Exercise goal -
Only the lines from the one with "five people posed in front of a blue awning" through the final line below belong in the answer, copied exactly and without pictures.
──────── Supplied material ────────
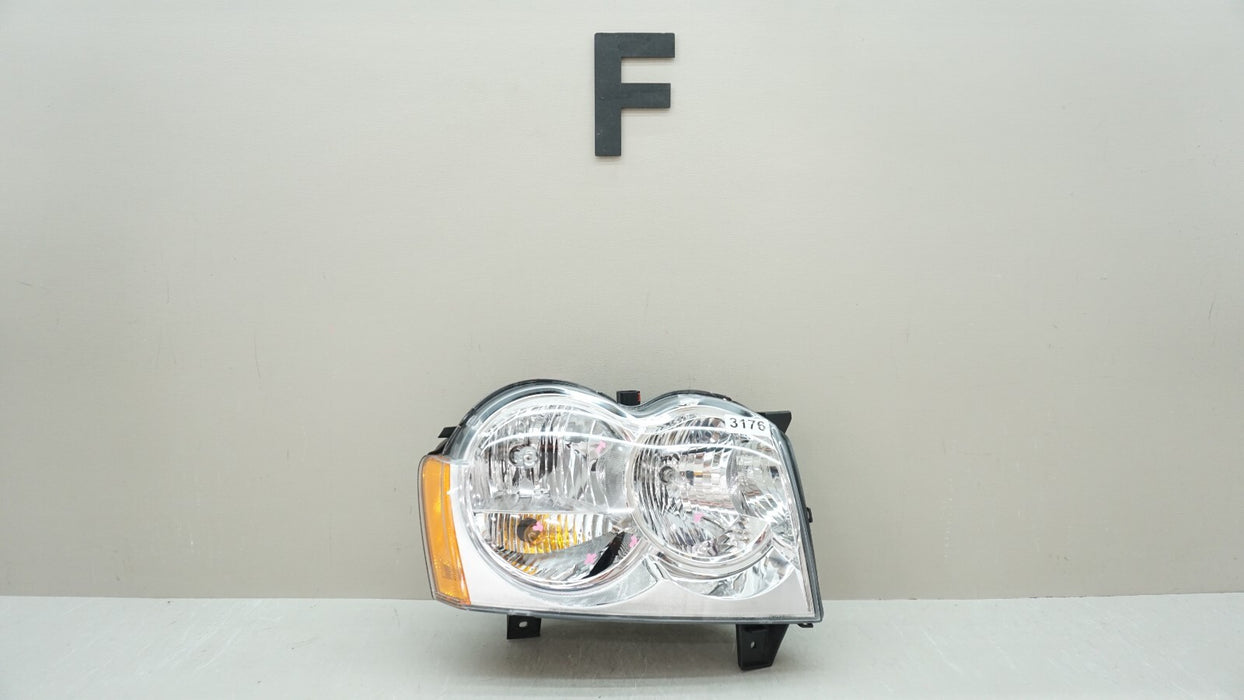 2005-2007 JEEP GRAND CHEROKEE FRONT PASSENGER HEADLIGHT HALOGEN AFTERMARKET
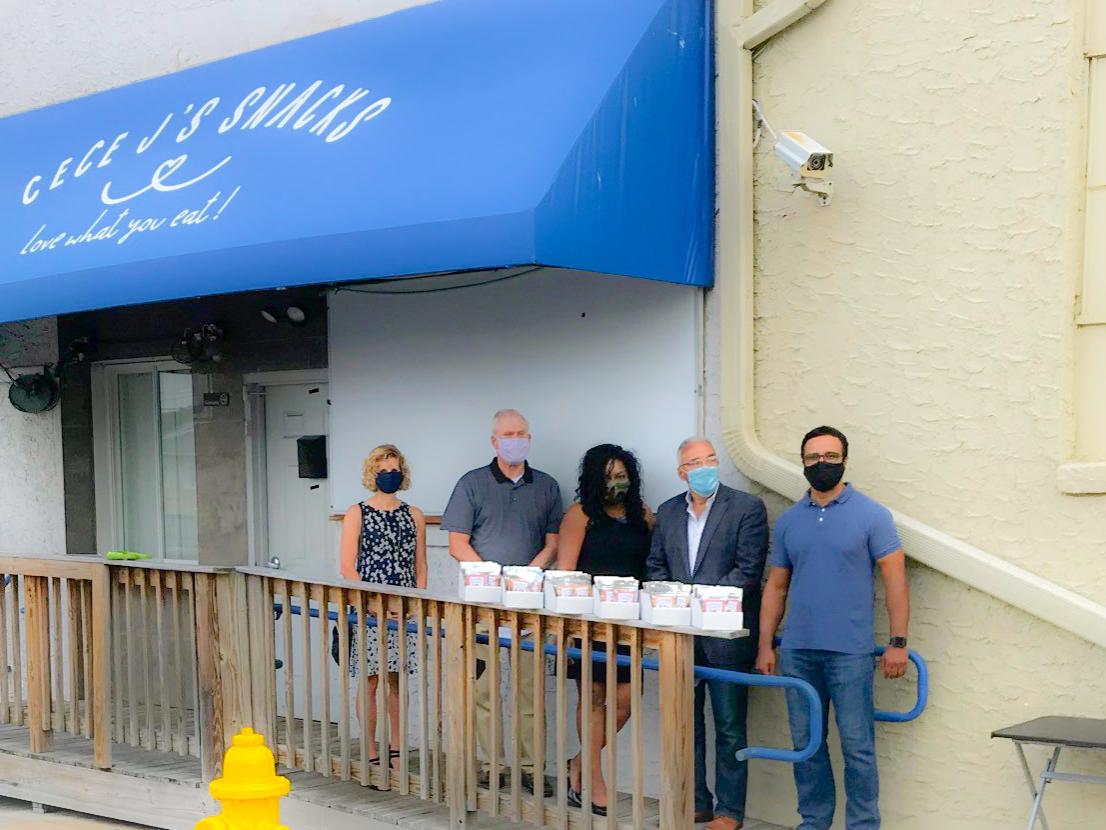 five people posed in front of a blue awning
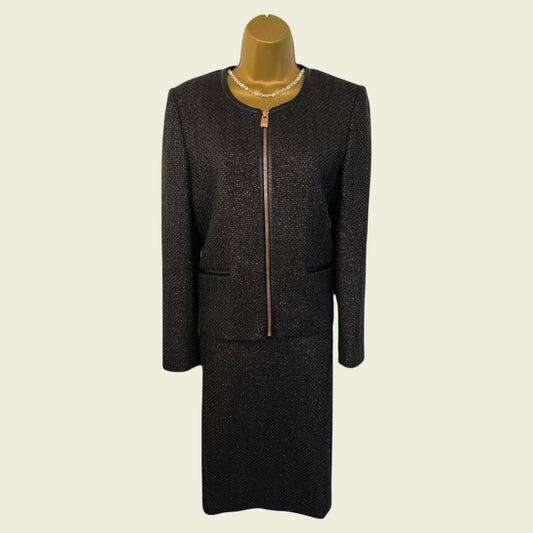 Navy suit on a mannequin against a beige background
────────
Output for this exercise -
 five people posed in front of a blue awning
 Navy suit on a mannequin against a beige background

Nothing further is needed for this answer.